SQL (Structured Query Language) is the dominant language for interacting with relational databases. It’s been around since the 1970s and remains the most-used language for working with data — listed as required in essentially every data-engineering and data-science job posting.

SQL is usually described as four sub-languages, framed by what kind of operation each performs:

  • DDL — Data Definition Language. The commands that define database structures: CREATE, ALTER, DROP, RENAME, TRUNCATE.
  • DML — Data Manipulation Language. The commands that work with data inside tables: SELECT, INSERT, UPDATE, DELETE.
  • DCL — Data Control Language. The commands that manage permissions: GRANT, REVOKE.
  • TCL — Transaction Control Language. The commands that manage transactions: COMMIT, ROLLBACK, SAVEPOINT.

Most interactive querying in practice is DML, with occasional DDL when the schema changes.
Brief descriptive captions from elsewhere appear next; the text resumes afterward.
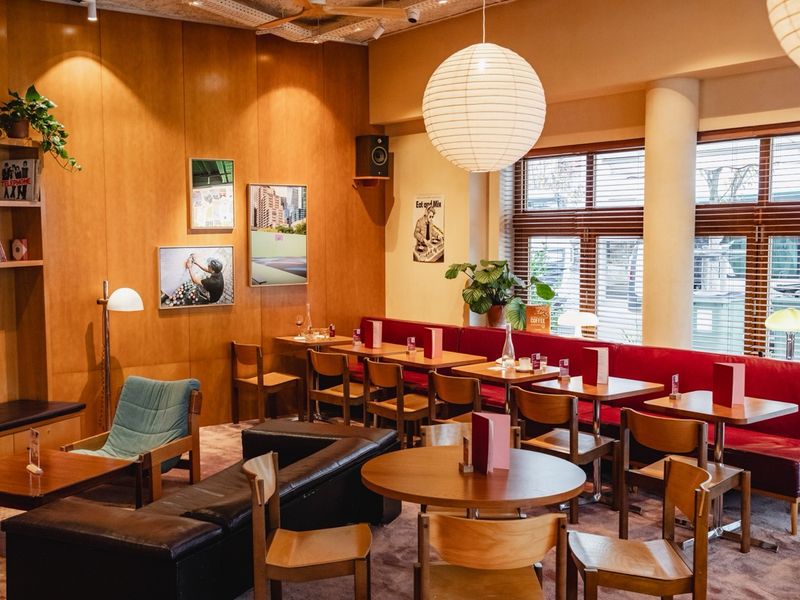 Versatile Event Venue in Bourg-la-Reine: Modern Space for Parties, Dinners & Seminars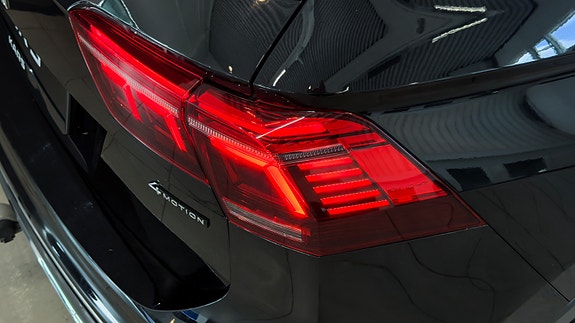 Volkswagen Tiguan 12 of 30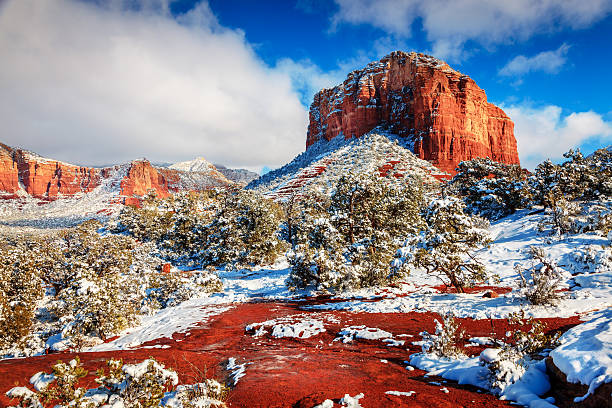 Courthouse Butte under snow Courthouse Butte in Sedona, Arizona after heavy snow storm sedona stock pictures, royalty-free photos & images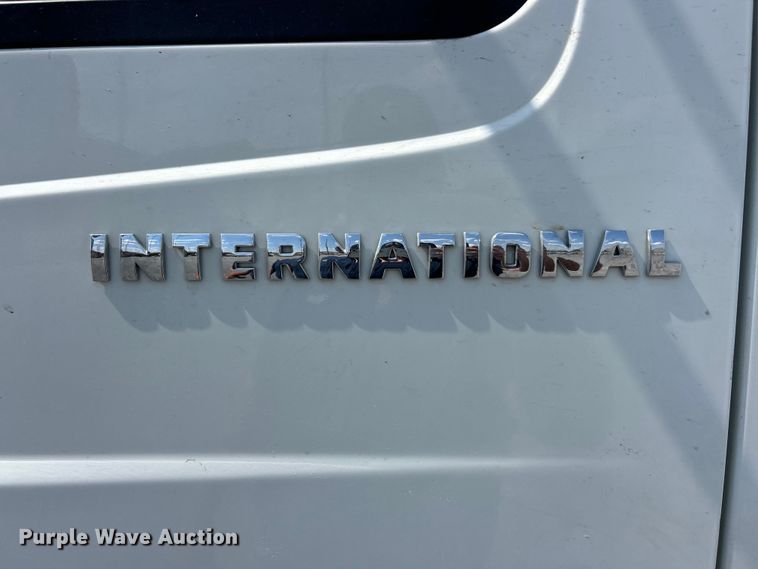 image for item FC5309 2005 International 4300 bucket truck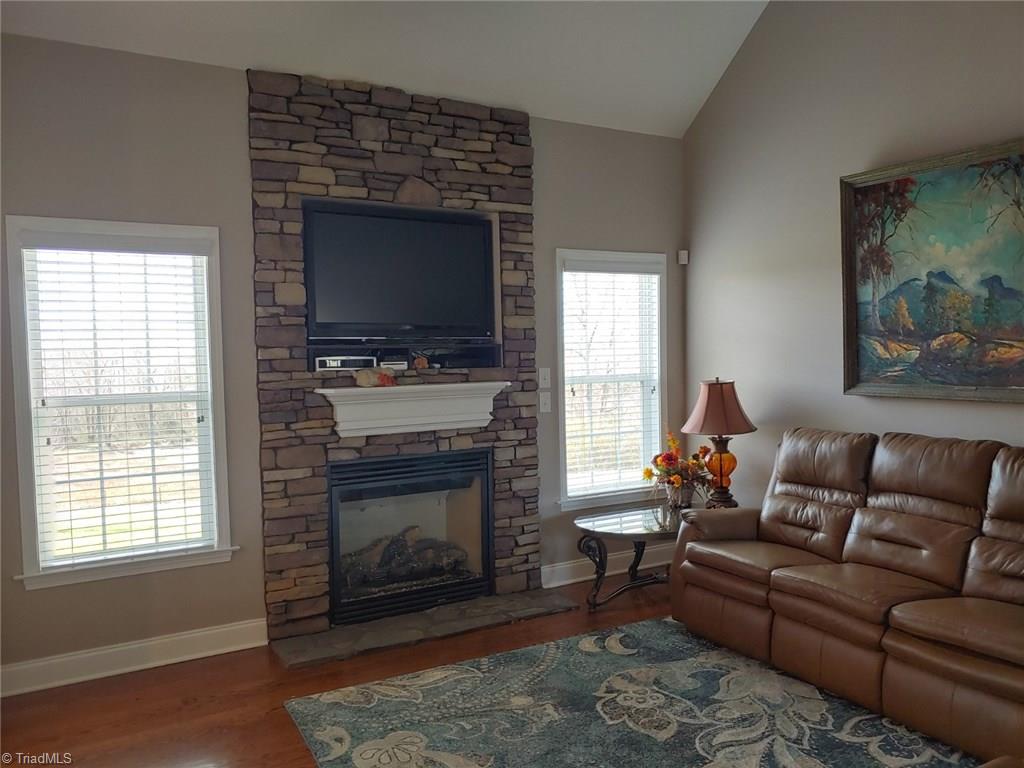 156 Mollie Road Harmony, NC 28634 - Photo 4 of 22 Gallery Image 4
DCL and TCL come up less often in day-to-day work but are essential when they’re needed.

The basic shape of a query is SELECT some_columns FROM some_table WHERE some_condition — the SELECT statement picking which columns, the FROM naming the table, the WHERE clause narrowing which rows. Beyond that, real queries JOIN multiple tables together, GROUP BY one column to compute aggregates within each group, ORDER BY a column for sorted output, and LIMIT the number of rows returned.

SQL syntax is mostly portable across database management systems, but each implementation has its dialect — MySQL, PostgreSQL, Oracle, SQLite, MariaDB all extend the standard in slightly different ways. Stick to the standard core for portable code; reach for vendor-specific extensions when there’s a real reason.